> _EXERCISE DESCRIPTION_
Transcribe the material from its first line onward, ending with the line that contains "Great Horned Owl" and adding nothing beyond it.

[[ AVAILABLE DATA, beginning ]]

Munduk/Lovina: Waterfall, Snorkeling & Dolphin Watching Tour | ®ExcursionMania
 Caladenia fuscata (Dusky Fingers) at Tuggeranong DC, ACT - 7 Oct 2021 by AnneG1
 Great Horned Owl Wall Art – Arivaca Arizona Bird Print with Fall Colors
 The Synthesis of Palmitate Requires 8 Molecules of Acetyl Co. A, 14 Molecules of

[[ AVAILABLE DATA, end ]]

> _OUTPUT BELOW_
Munduk/Lovina: Waterfall, Snorkeling & Dolphin Watching Tour | ®ExcursionMania
 Caladenia fuscata (Dusky Fingers) at Tuggeranong DC, ACT - 7 Oct 2021 by AnneG1
 Great Horned Owl Wall Art – Arivaca Arizona Bird Print with Fall Colors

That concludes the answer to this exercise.